Transcribed and marked up by Ciaran Crossey.
On February 7th of this year Republican women prisoners in Armagh Jail were beaten up by male warders. Here is just one description of what happened, written by a prisoner.
“They (warders) charged in, in full riot gear, equipped with shields ... I was suddenly pinned to a bed by a shield and the weight of a male screw on top of me... I was just bodily assaulted, thumped, trailed and brutally kicked. I was then taken out of my cell, and during the course of my being dragged and hauled from the wing, both my breasts were exposed to the jeering and mocking eyes of all the screws.”
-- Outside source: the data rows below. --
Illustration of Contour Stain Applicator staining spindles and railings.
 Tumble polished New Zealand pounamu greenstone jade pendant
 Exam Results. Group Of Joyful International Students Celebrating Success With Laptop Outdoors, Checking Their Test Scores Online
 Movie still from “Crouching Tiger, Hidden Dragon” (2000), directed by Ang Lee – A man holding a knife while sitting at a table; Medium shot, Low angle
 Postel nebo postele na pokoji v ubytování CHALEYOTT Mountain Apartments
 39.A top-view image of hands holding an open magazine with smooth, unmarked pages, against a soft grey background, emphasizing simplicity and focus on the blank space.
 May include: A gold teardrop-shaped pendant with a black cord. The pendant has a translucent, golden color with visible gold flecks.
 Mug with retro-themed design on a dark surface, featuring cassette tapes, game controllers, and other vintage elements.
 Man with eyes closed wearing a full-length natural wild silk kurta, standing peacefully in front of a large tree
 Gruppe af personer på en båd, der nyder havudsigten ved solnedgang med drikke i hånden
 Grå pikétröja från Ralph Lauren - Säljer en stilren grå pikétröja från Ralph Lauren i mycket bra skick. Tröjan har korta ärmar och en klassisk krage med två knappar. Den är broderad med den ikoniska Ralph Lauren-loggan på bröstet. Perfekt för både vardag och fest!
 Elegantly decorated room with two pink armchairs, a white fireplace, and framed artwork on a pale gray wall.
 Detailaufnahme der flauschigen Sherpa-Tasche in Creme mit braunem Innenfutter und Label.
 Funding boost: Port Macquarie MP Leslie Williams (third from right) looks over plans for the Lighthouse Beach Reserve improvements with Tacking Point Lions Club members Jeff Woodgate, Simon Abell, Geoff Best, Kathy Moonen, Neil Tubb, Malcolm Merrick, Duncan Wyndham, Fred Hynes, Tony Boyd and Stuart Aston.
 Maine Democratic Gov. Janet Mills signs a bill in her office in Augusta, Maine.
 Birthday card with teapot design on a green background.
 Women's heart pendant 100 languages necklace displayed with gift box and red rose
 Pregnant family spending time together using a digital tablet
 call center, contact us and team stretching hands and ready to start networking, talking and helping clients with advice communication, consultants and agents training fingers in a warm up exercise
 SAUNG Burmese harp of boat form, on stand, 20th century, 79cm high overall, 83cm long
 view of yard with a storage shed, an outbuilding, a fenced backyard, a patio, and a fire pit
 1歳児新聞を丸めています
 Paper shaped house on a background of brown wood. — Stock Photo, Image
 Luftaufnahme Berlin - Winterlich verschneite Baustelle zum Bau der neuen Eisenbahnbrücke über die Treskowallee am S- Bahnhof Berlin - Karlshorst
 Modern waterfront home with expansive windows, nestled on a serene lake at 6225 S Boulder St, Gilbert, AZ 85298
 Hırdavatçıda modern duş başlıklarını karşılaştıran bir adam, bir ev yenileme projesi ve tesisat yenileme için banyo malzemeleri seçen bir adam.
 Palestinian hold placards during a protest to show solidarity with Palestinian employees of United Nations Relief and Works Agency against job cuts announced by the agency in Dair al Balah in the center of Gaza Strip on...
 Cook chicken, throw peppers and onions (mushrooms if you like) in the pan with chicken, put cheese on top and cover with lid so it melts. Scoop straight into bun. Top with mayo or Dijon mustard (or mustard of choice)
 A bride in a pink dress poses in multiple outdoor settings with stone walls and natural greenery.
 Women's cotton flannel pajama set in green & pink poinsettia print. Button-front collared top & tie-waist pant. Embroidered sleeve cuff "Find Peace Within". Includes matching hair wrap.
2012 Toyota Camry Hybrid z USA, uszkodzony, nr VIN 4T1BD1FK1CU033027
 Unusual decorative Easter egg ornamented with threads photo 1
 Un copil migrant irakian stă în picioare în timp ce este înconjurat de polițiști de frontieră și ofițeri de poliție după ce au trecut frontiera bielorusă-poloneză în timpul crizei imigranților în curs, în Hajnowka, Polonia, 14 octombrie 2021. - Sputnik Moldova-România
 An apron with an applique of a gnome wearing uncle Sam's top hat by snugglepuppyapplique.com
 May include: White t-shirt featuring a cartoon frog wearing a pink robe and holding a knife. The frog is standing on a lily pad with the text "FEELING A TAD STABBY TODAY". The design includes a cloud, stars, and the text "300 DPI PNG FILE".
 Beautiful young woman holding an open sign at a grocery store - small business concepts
Prior to February 7th the conditions in Armagh were bad enough. The women were locked up for 21 hours. They suffered restrictions on visits, on food parcels, lost all remission and were denied reading and recreational facilities. Severe restrictions, sometimes almost total, were applied to both washing and toilet facilities.
After February 7th the lock up was extended to 23 hours. The toilets were locked up by the authorities. Chamber pots were provided in the cells but when they were emptied out of the windows, the windows were boarded up. Now the prisoners are forced, like the men in H-Block, to smear their excreta on the walls and, as far as possible, empty their urine on the wing.
Add to such conditions the disgraceful denial of proper sanitary and medical facilities and a clear picture of life for the 32 women involved in the Armagh protest can be drawn. One of these women, who has a burst duodenal ulcer, has been taken off her special diet as a punishment. Another has suffered from constant vomiting, has lost 3½ stones, yet is denied hospital care. She is forced to lie, not only surrounded by her own excreta, but by her vomit.
In H-Block conditions for the male protesters are even more harsh with a 24-hour lock up and with no clothes except a blanket. Despite these horrors there has not been, either in Ireland, Britain or internationally, any mass opposition to the torture of these prisoners. Even in the Catholic areas of Northern Ireland the protests have been limited.
Primarily, this has been because the entire issue has become associated with the Provisional IRA. Many workers who would be abhorred at the treatment of these prisoners will not engage in open protest because they fear that to do so would associate them with the Provisionals. And because the outside protest groups have been in the hands of or associated with the paramilitaries and thus denied mass support, the prisoners have been left isolated. This is the reason for the desperate situation and degrading conditions which have developed in response to the harassment and brutal ill treatment of the authorities.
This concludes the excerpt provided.